Sentinel Node Biopsy After Neoadjuvant Chemotherapy in Biopsy-Proven Node-Positive Breast Cancer: The SN FNAC Study

Jean-François Boileau(McGill University Health Centre), Brigitte Poirier(McGill University Health Centre), Mark Basik(McGill University Health Centre), Claire Holloway(McGill University Health Centre), Louis Gaboury(McGill University Health Centre), Lucas Sidéris(McGill University Health Centre), Sarkis Meterissian(McGill University Health Centre), Angel Arnaout(McGill University Health Centre), Muriel Brackstone(McGill University Health Centre), David R. McCready(McGill University Health Centre), Stephen E. Karp(Lahey Hospital and Medical Center), Isabelle Trop(McGill University Health Centre), A. Lisbona(McGill University Health Centre), Frances C. Wright(McGill University Health Centre), Rami Younan(McGill University Health Centre), Louise Provencher(McGill University Health Centre), Érica Patocskai(McGill University Health Centre), Atilla Ömeroğlu(McGill University Health Centre), André Robidoux(McGill University Health Centre)
Journal of Clinical Oncology
December 2, 2014
Cited by 838

Abstract

PURPOSE: An increasing proportion of patients (> 30%) with node-positive breast cancer will obtain an axillary pathologic complete response after neoadjuvant chemotherapy (NAC).
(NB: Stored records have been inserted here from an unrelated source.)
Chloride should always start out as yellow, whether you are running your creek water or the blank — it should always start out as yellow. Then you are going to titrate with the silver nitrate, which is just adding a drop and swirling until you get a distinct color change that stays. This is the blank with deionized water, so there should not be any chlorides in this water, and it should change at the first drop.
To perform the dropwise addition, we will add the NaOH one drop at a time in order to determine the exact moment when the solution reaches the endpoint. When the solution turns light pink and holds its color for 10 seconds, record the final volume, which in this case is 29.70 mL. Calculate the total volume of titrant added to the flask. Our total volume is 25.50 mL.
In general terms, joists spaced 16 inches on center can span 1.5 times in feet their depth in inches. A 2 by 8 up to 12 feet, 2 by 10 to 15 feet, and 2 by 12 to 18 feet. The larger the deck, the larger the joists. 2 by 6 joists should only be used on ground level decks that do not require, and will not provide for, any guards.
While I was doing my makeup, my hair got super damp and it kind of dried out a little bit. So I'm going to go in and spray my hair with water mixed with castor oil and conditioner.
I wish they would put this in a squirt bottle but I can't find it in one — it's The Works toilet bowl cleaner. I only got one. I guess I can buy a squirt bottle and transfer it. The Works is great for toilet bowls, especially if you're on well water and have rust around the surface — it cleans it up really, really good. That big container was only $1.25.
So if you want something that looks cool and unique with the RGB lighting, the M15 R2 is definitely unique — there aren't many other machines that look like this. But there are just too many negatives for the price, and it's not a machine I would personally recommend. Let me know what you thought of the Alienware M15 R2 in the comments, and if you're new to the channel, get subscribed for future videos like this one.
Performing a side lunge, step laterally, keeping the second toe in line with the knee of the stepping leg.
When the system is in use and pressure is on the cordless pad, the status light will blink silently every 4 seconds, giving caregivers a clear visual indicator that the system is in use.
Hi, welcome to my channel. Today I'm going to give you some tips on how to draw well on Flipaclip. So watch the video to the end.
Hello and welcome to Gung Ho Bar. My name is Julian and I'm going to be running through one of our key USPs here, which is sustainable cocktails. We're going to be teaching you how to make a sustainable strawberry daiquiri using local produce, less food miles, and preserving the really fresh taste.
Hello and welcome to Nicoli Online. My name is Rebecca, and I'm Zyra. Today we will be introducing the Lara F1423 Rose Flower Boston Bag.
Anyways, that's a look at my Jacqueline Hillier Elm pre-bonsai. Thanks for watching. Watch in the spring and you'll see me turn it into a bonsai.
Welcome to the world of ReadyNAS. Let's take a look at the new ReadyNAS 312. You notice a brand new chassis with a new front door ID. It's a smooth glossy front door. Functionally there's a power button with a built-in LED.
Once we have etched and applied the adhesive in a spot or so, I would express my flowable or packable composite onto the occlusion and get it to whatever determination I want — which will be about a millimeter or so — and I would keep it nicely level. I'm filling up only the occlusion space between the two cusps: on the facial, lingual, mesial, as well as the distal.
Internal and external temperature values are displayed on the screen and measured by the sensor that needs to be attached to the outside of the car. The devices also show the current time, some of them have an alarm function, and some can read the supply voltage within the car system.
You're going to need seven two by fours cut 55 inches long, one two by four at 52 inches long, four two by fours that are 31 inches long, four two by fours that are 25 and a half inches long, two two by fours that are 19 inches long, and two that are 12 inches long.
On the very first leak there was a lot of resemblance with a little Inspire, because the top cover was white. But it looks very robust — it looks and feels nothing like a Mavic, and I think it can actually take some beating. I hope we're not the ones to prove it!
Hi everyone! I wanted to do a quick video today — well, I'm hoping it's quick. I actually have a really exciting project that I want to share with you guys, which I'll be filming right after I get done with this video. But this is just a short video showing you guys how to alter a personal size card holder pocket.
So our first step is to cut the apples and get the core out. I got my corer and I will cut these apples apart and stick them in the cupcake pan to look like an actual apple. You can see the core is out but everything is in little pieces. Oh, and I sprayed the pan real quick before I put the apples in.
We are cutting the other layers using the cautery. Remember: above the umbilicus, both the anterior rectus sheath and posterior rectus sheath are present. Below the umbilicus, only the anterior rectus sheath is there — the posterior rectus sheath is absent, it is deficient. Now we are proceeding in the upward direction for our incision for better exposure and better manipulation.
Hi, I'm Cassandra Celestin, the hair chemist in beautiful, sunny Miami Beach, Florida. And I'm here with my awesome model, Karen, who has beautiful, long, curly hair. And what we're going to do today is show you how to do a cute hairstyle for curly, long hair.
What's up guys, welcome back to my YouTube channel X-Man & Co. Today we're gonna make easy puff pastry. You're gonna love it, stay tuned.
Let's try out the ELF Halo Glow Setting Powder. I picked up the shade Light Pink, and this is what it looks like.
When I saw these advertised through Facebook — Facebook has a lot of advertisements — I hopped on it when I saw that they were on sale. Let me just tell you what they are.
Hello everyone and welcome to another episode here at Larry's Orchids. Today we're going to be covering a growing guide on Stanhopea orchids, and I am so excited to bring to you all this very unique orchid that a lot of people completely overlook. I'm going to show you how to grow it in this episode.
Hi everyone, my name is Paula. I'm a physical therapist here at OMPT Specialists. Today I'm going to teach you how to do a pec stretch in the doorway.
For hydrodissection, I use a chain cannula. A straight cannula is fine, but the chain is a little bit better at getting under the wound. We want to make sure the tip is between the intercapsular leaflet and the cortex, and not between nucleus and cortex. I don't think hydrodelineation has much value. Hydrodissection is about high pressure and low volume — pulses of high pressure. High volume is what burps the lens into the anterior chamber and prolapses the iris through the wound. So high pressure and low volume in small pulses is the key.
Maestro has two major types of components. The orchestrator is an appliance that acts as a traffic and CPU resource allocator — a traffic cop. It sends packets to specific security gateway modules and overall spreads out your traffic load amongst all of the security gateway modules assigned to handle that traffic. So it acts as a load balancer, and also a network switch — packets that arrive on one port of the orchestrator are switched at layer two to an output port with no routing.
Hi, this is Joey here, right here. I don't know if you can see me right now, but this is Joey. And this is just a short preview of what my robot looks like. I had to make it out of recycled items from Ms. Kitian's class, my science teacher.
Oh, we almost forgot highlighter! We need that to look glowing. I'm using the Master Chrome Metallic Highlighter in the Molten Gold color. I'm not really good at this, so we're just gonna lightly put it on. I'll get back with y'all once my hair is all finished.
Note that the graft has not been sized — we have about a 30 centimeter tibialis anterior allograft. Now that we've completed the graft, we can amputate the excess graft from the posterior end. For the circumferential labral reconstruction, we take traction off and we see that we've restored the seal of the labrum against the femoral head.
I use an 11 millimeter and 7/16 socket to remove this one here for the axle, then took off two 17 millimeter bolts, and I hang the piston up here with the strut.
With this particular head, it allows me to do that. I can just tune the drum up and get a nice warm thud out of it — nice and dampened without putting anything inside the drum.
If sentinel node (SN) biopsy (SNB) is accurate in this setting, completion node dissection (CND) morbidity could be avoided. PATIENTS AND METHODS: In the prospective multicentric SN FNAC study, patients with biopsy-proven node-positive breast cancer (T0-3, N1-2) underwent both SNB and CND. Immunohistochemistry (IHC) use was mandatory, and SN metastases of any size, including isolated tumor cells (ypN0[i+], ≤ 0.2 mm), were considered positive. The optimal SNB identification rate (IR) ≥ 90% and false-negative rate (FNR) ≤ 10% were predetermined. RESULTS: From March 2009 to December 2012, 153 patients were accrued to the study. The SNB IR was 87.6% (127 of 145; 95% CI, 82.2% to 93.0%), and the FNR was 8.4% (seven of 83; 95% CI, 2.4% to 14.4%). If SN ypN0(i+)s had been considered negative, the FNR would have increased to 13.3% (11 of 83; 95% CI, 6.0% to 20.6%). There was no correlation between size of SN metastases and rate of positive non-SNs. Using this method, 30.3% of patients could potentially avoid CND. CONCLUSION: In biopsy-proven node-positive breast cancer after NAC, a low SNB FNR (8.4%) can be achieved with mandatory use of IHC. SN metastases of any size should be considered positive. The SNB IR was 87.6%, and in the presence of a technical failure, axillary node dissection should be performed. We recommend that SN evaluation with IHC be further evaluated before being included in future guidelines on the use of SNB after NAC in this setting.